PROBLEM TO SOLVE:
Up to and including the line with "New 2026 Kia Sportage EX image 13", restate every line of the records below word for word, from the first line on, leaving out the pictures.

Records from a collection
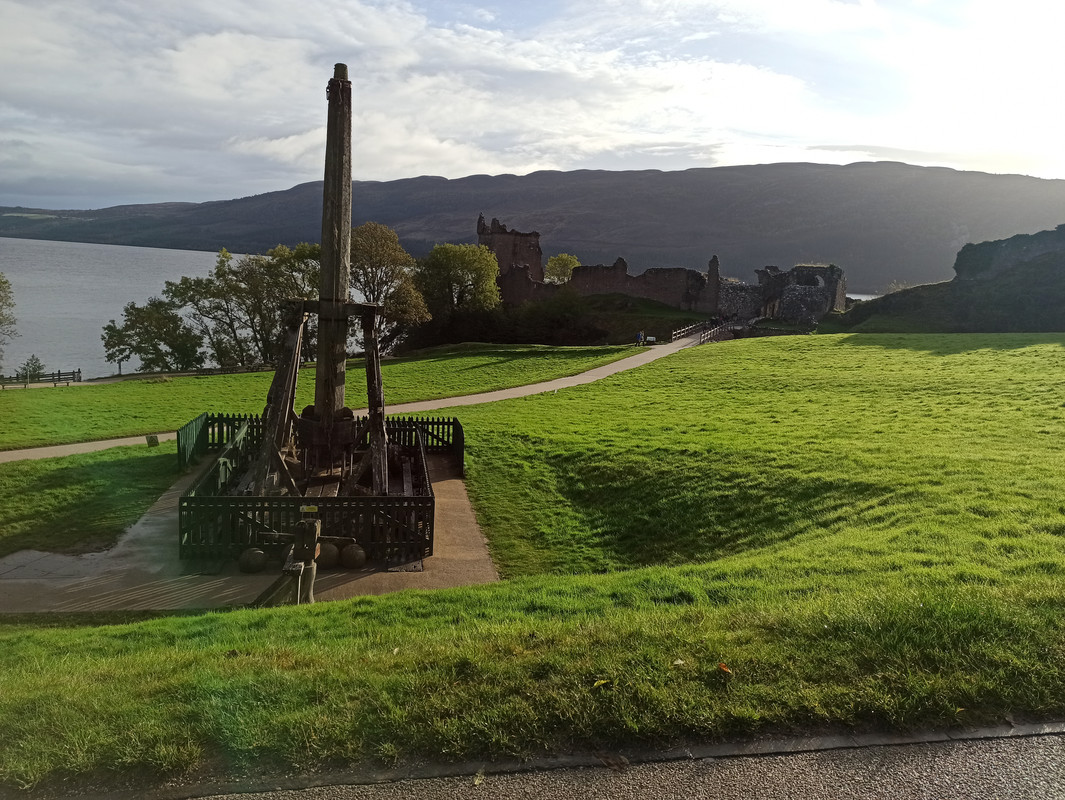 Edimburgo - Highlands - Isla de Skye (8 días) - Blogs de Reino Unido - Día 4. Inverness-Loch Ness-Urquhart-Kyle of Lochalsh-Roag (176 kms.) (3)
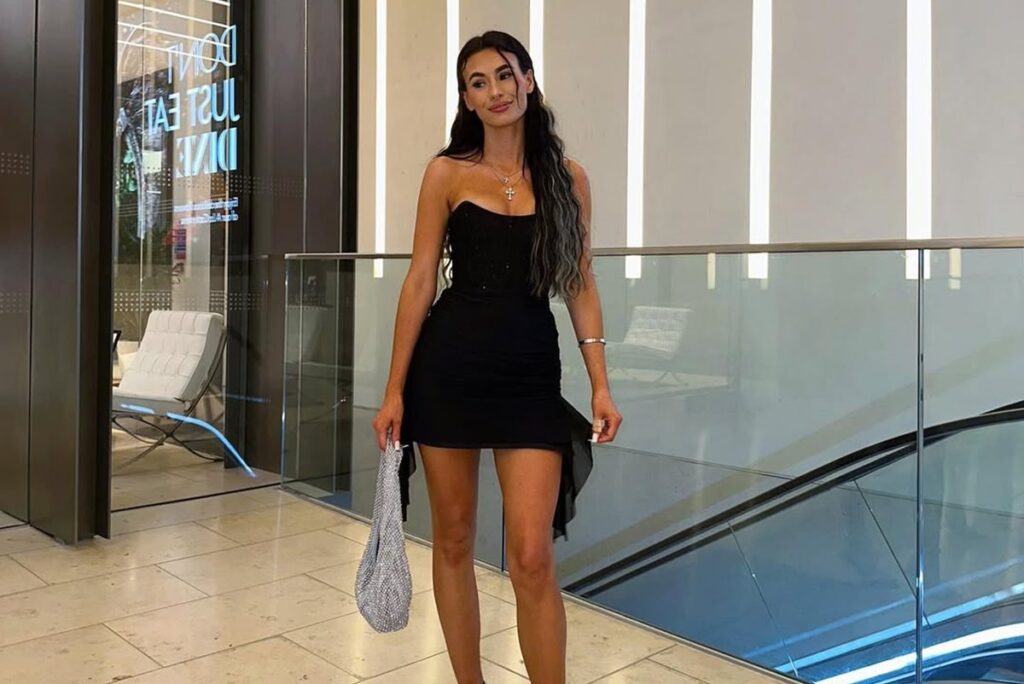 influenciadora-chora-ao-assumir-que-mentiu-sobre-estar-com-cancer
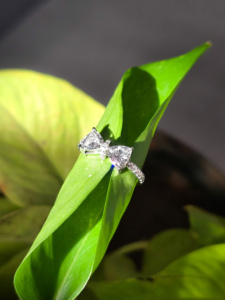 Anillo de Oro Amarillo Sólido de 14K y 18K con Diamante Cultivado en Laboratorio, Corte Corazón, Motivo de Lazo, Nudo Delicado, Joyería de Moda con Diseño Caprichoso - Product Image 1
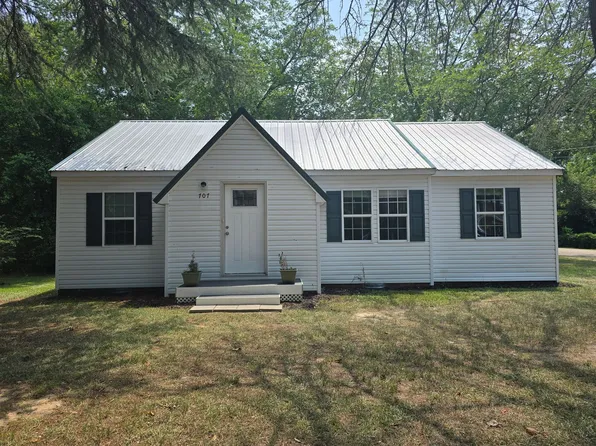 707 Miller Ave, Fayetteville, NC 28304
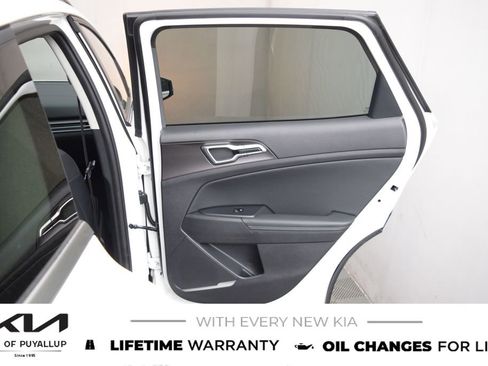 New 2026 Kia Sportage EX image 13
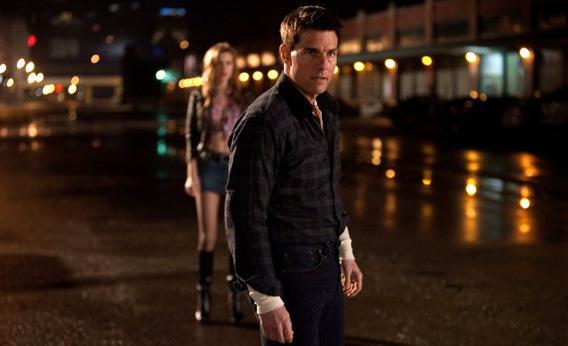 Tom Cruise and Alexia Fast in Jack Reacher.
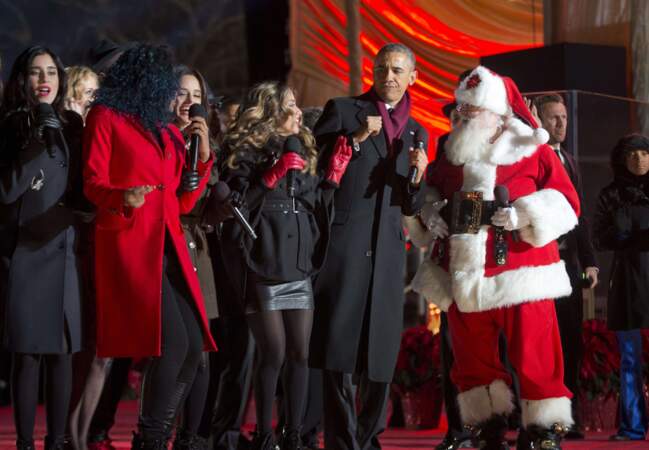 Barack Obama danse avec le Père Noël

EXERCISE RESULT:
 Edimburgo - Highlands - Isla de Skye (8 días) - Blogs de Reino Unido - Día 4. Inverness-Loch Ness-Urquhart-Kyle of Lochalsh-Roag (176 kms.) (3)
 influenciadora-chora-ao-assumir-que-mentiu-sobre-estar-com-cancer
 Anillo de Oro Amarillo Sólido de 14K y 18K con Diamante Cultivado en Laboratorio, Corte Corazón, Motivo de Lazo, Nudo Delicado, Joyería de Moda con Diseño Caprichoso - Product Image 1
 707 Miller Ave, Fayetteville, NC 28304
 New 2026 Kia Sportage EX image 13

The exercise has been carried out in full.